By Milcah Tanimu
The manufacturing sector in Nigeria is grappling with a significant increase in net foreign exchange losses, reaching N466 billion in the nine months ending September. This surge represents a staggering 400% rise compared to the N93.219 billion loss recorded in the same period the previous year. The unfavorable foreign exchange (forex) market regime, coupled with other challenges like the removal of oil subsidies and the Russia/Ukraine war, has created a difficult operating environment for manufacturing companies.
The financial reports of 17 top manufacturing companies listed on the Nigerian Exchange Limited (NGX) reveal the extent of the sector’s struggle. While the companies experienced a growth in gross earnings by 23.4% to N4.4 trillion in the first nine months of 2023, their combined Profit Before Tax (PBT) declined by 24.6% to N505.148 billion. This decline is attributed to multiple pressure points eroding their financial stability, including forex revaluation losses.
Manufacturers have faced increased costs in producing essential consumer goods due to inflation and rising prices of raw materials. In response, companies have raised product prices, leading to reduced consumer patronage as the purchasing power of individuals has been eroded by inflation.

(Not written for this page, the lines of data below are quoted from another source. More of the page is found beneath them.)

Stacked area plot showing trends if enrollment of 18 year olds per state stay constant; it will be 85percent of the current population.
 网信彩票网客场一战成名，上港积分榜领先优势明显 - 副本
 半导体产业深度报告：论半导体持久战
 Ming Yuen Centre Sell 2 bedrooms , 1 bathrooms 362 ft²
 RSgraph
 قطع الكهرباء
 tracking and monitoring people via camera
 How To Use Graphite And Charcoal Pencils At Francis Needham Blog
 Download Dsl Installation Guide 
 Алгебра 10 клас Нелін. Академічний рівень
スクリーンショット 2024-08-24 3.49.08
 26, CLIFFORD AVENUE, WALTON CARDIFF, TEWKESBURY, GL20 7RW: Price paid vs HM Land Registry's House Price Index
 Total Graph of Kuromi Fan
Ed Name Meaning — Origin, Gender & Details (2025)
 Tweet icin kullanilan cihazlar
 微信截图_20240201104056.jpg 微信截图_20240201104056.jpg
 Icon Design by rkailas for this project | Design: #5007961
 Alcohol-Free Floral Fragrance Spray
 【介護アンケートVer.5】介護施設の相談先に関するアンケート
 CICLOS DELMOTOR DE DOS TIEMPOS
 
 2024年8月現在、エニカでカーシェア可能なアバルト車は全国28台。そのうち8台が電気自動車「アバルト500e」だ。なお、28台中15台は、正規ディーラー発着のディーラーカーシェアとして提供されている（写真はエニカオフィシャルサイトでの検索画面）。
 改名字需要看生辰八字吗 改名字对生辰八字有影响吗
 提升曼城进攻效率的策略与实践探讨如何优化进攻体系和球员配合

The forex challenges have led to losses in foreign exchange revaluation, impacting profitability. Major manufacturing firms, including Nestle Nigeria, Dangote Cement, Nigerian Breweries, International Breweries, BUA Foods, BUA Cement, Cadbury Nigeria, GlaxoSmithKline, and others, reported significant forex revaluation losses, contributing to declines in their financial performance.
The devaluation of the Naira against the US Dollar, which plummeted from N448.04/US$ at the beginning of the year to N832.32/US$ by the end of September, further exacerbated the situation. Multinational companies in the manufacturing sector have been particularly affected, with some announcing plans to discontinue manufacturing operations in Nigeria due to the challenging operating environment.
The forex losses pose threats to the manufacturing companies’ existence, leading to layoffs, production cutbacks, and potential exits from the market. Analysts suggest that the losses will continue to impact companies until they implement measures such as hedging and repricing earning assets to recover from the losses.
Government intervention and engagement with manufacturers are seen as crucial to addressing the challenges faced by the sector and preventing further negative economic consequences. As companies pass on the increased costs to consumers, there are concerns about the potential impact on inflation and a slowdown in economic activity.